E8Q: de goedkoopste miniled

Een nieuw model dat ook mikt op gamers, maar dat wel een miniled QLED-achtergrondverlichting biedt met rond de 120 tot 240 zones. De maximale helderheid bedraagt 600 nits, en hij beschikt over vier HDMI-poorten waarvan twee HDMI 2.1 met een 48-144Hz refreshrate en ondersteuning voor AMD FreeSync Premium. De E8Q is beschikbaar in 75, 65 en 55 inch.

©Eric Beeckmans | ID.nl

E7Q Pro: instapper voor gamers

Met dit model hoopt Hisense gamers te verleiden. De E7N Pro gebruikt een Full Array QLED achtergrondverlichting  en beschikt over vier HDMI-poorten waarvan twee HDMI 2.1 met een 48-144Hz refreshrate. De E7Q Pro is beschikbaar in 100, 85, 75, 65 en 55 inch.

©Eric Beeckmans | ID.nl

TV als kunst: S7NQ Canvas TV

Hisense mikt net als Samsung en TCL op mensen die de tv willen laten dubbelen als kunstwerk. De S7NQ Canvas TV is enkel beschikbaar in 55 inch en werd vorig jaar in het najaar geïntroduceerd. Het toestel gebruikt een edge-led QLED-achtergrondverlichting die tot 400 nits levert, heeft een 144Hz refreshrate en een mat scherm om reflecties te weren. De omlijsting is beschikbaar in drie kleuren (wit, licht hout en donker hout).

©Eric Beeckmans | ID.nl

Het smart tv-platform: VIDAA U9

VIDAA U heeft, net als de andere smart tv-platformen, een relatief stabiele vorm bereikt. Er is voor versie 9 wat gesleuteld aan de lay-out. Zo staat de rij met persoonlijke aanbevelingen nu bovenaan, met op de eerste plaats de meest recente bron. De favoriete apps staan eronder, met daar op de eerste plaats de ingangen.

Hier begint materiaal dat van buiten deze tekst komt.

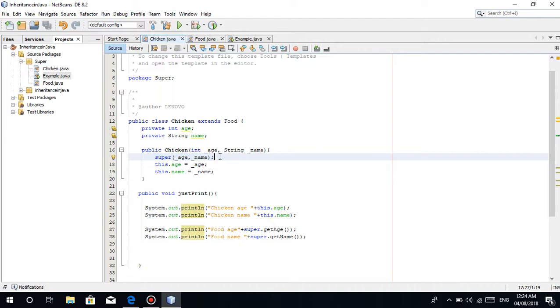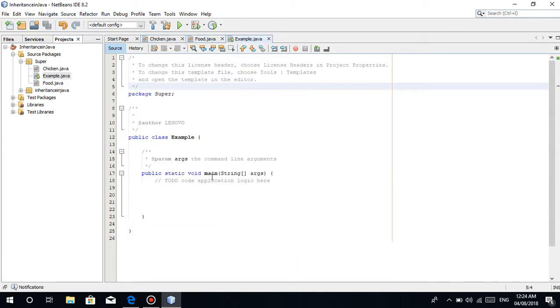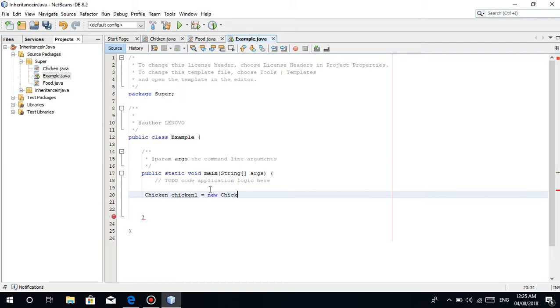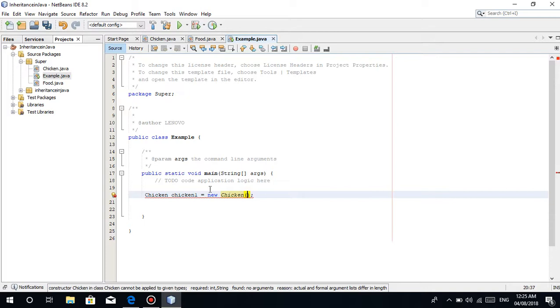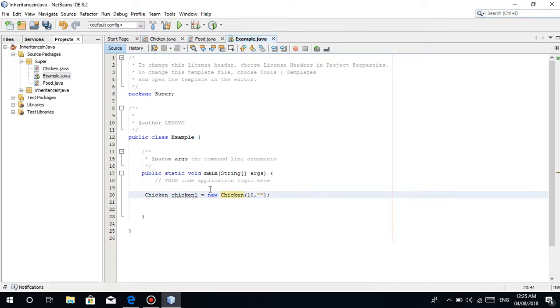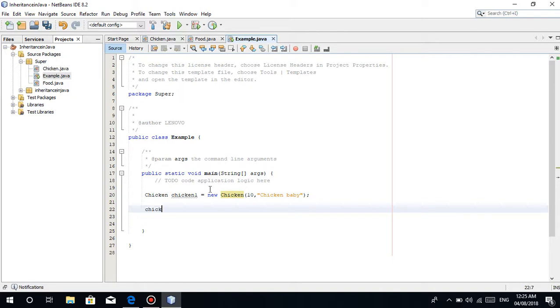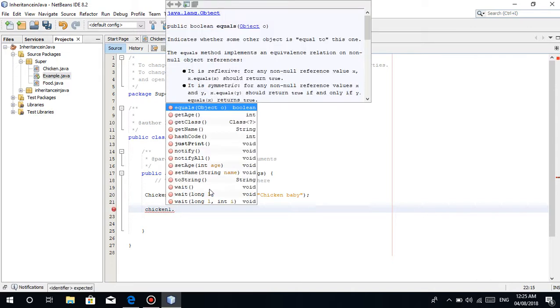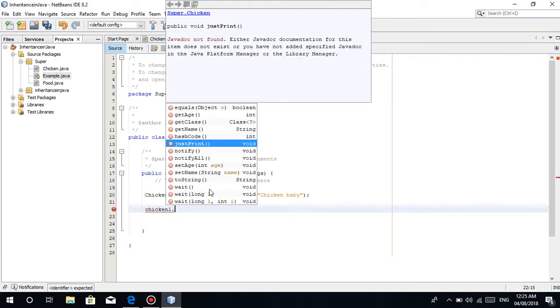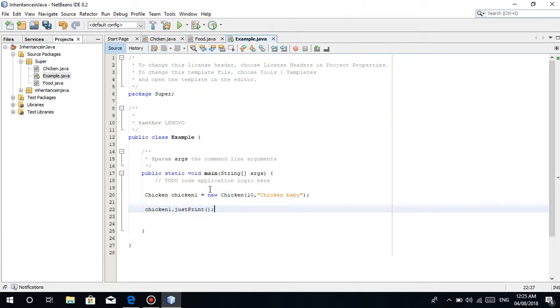So that's it, simple as that. The use of this super keyword in the constructor. There are times, especially when you're applying inheritance, this is required. So let's go to the example. Then let's make an instance of an object of chicken. Let's name it chicken1 equals new chicken. Then there's an error because we need to put a value here. Integer age comes first in the parameter. Let's just put 10. Let's name it Chicken Baby. Then we'll call the method from the instance chicken1, the print method to print the values that we passed.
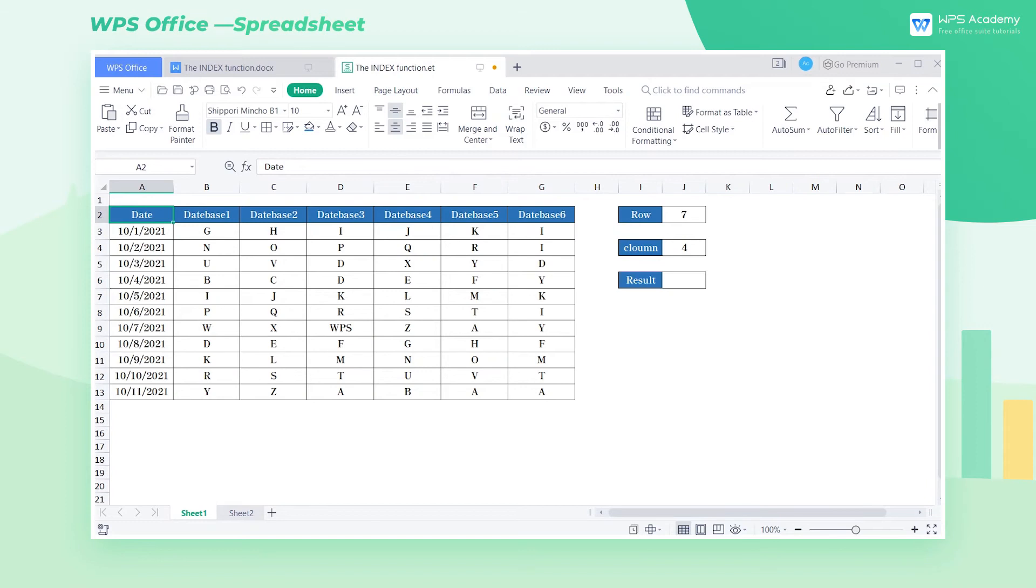The index function can look up a value regarding its row and column numbers. There are two forms of the index function, the array form and the reference form.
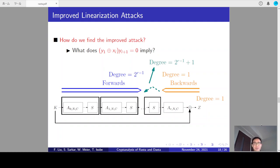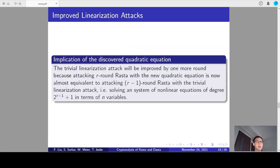When R is large, this is a great reduction in algebraic degree. For example, when R equals 6, the degree is reduced from 2^6 = 64 to 2^5 + 1 = 33. Note that we do not fully invert the CHI operation; instead, we only carefully investigate the relations between certain input bits and output bits — that is why a dashed line is used in the figure. This equation also implies that the linearization attack is improved by one more round, because attacking R-round R-Star with the new quadratic equation is equivalent to attacking (R−1)-round R-Star with the trivial linearization attack, i.e., solving a system of degree 2^(R−1) + 1 in n variables.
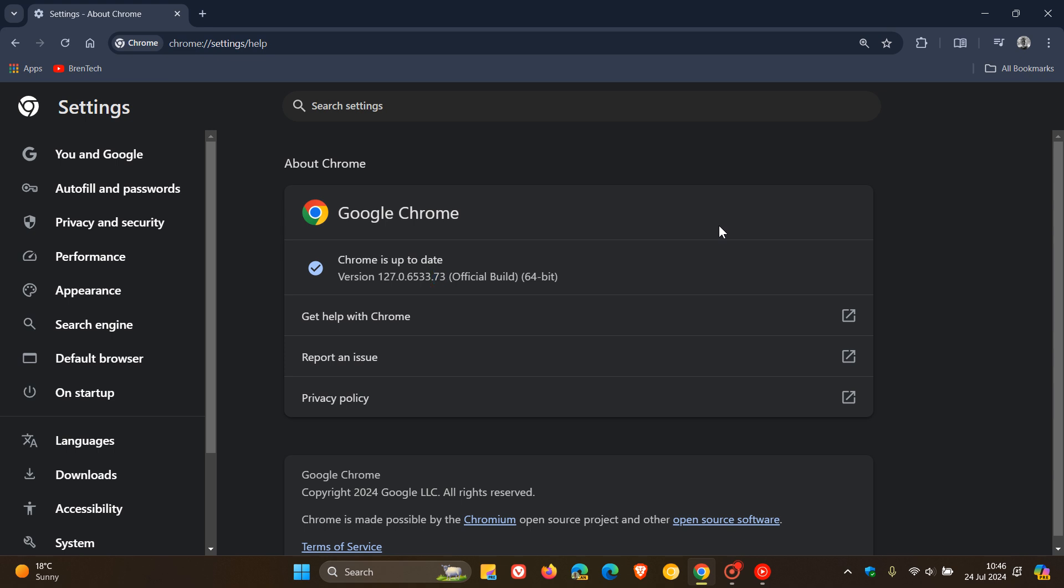Now this is quite an important update when it comes to security fixes that have rolled out because we have received 24 security fixes with version 127 for this week. And this will also now be the weekly security fixes that have rolled out for Chrome. So we can expect the other Chromium-based web browsers to get more or less the same security fixes now rolling out through the rest of this week.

Zodra je het pictogram van de ingangen selecteert, verschijnen de mogelijke keuzes onderaan.

©Eric Beeckmans | ID.nl

Selecteer je een app, dan zie je aanbevelingen uit die app. Verder is er in de navigatiebalk links een sectie voor games en een voor kindercontent bijgekomen. De selectie lokale apps is wat verder uitgebreid. Zo is de app voor Tv Vlaanderen/Canal Digitaal er bijgekomen en voor België is alvast Streamz en VTM Go bevestigd. Voor een volledige lijst is het wachten op de eerste testen.  VIDAA U heeft nu ook MultiView toegevoegd waarbij je twee bronnen tegelijk op het scherm zet.